Forse è più facile ingannarsi nella convinzione che i fenomeni che non vediamo o percepiamo appartengano ad un mondo misterioso che è meglio non indagare troppo, se non attraverso qualche aspetto di spiritualità o di format sui misteri; alcuni risvolti "tecnici" della scienza ci sembrano complessi e noiosi ed è meglio convincersi che le risposte che possiamo ottenere siano comunque ristrette od incomplete in modo che ogni sforzo intellettuale ci appaia sprecato. Così ci limitiamo ad usare un telefono, un frigo, un computer, non soffermandoci sulla realtà della loro stessa esistenza che è legata alla conoscenza di leggi naturali apparentemente imperscrutabili e che i fisici hanno ostinatamente indagato fino ad ottenerne il controllo.


Di certo la scuola dell'obbligo non aiuta ad appassionarsi alle materie tecnico-scientifiche ma nell'era di internet l'informazione diventa accessibile, anzi diventa fruibile, grazie ai siti ed alle immagini, alle simulazioni, alla computer-grafica, alle conferenze, alle lezioni degli appassionati e dei professionisti.

Ci si può tuffare nel mondo della scienza e della fisica attraversando le scoperte, le storie dei personaggi, esplorando i limiti della ricerca attuale, anche scoprendo che i concetti che si sono appresi a scuola, magari decine di anni prima, non erano del tutto esatti e che anche l'atomo non è più quello che credevamo.

Può risultare poco lecito chiederci se siamo i soli ad osservare l'universo con le sue leggi e come sia possibile che, con tutte le probabili combinazioni di insuccesso, si sia sviluppata una forma di vita in grado di porsi tale domanda: una risposta esiste e non è teologica.

Porsi domande su concetti apparentemente tangibili come lo scorrere del tempo ci permette di inoltrarci in un mondo completamente diverso da quello che conosciamo, una realtà in cui gli orologi scandiscono tempi diversi ed in cui lo spazio ed il tempo si congiungono per poi distorgersi sotto il peso degli oggetti celesti: la conoscenza profonda di tali meccanismi ci permette oggi, per esempio, di viaggiare comodamente senza cartine stradali.

Non solo la nostra percezione di tempo è limitata ma anche quella di tatto ci trae in inganno perchè ci da la sensazione di essere pieni di materia e che la nostra massa sia qualcosa di farcito: la realtà è che siamo vuoti, quasi completamente, e che la sensazione di riempimento è solo dovuta ad invisibili palline impazzite che muovendosi attorno ad ogni atomo che ci compone, creano uno scudo di cariche elettriche che si oppongono a quelle degli oggetti che afferriamo: così come una moneta fatta girare velocemente attorno al proprio asse ci appare per qualche istante una sfera, anche il mondo che ci circonda appare pieno ai nostri occhi (ma non a quelli di una radiografia).

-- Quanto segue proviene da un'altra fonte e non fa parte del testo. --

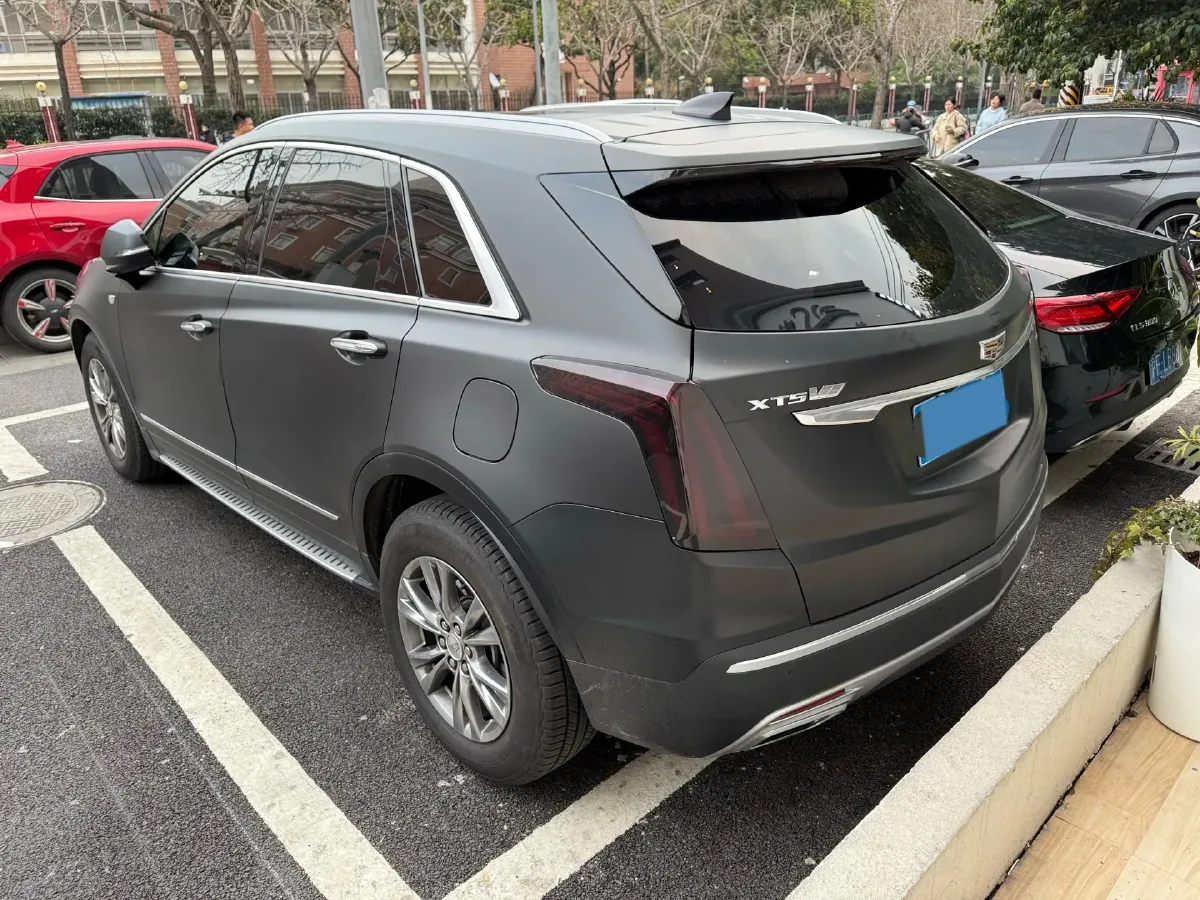 2020 Cadillac XT5 2.0T 237HP L4 9AT,autocango,china used car exporter,china ev exporter,chinese used car exporter,chinese used ev exporter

Ma cos'è che permette all'elettrone di avere tanta energia per muoversi freneticamente e proteggersi con i scudi di potenza negativa? E perchè l'elettrone e le altre particelle nascondono questa energia dietro un imbarazzante duplice comportamento?

Il segreto sicuramente si nasconde tra le pieghe del tessuto spazio-temporale, una trama creata in 14 miliardi di anni partendo da un unico punto dal quale è scaturito l'intero universo, lo spazio ed il tempo stesso; esiste anche una descrizione ormai abbastanza completa di ciò che è stato creato e degli elementi principali che componendosi hanno dato forma all'universo attuale: ma ci sono anche lacune da colmare.

Non sappiamo che cosa ci sia dietro al misterioso principio di non località, secondo il quale esistono connessioni quantistiche che eludono le limitazioni dello spazio-tempo, per teletrasportare informazioni in modo istantaneo da una particella ad un'altra, come se sotto la coperta del tessuto quadridimensionale nel quale si espande l'universo, si trovasse un materasso attraverso il quale si può viaggiare a velocità infinità per raggiungere istantaneamente qualsiasi punto della coperta.

Evidentemente le regole del mondo delle particelle sono diverse da quelle che dobbiamo seguire noi macro-osservatori, ed i nostri limiti sono legati alle infinite connessioni che compongono un pezzo di materia, miriadi di particelle che legandosi insieme perdono alcune loro capacità peculiari, fortunatamente, per dare origine al macro-mondo stabile in cui viviamo.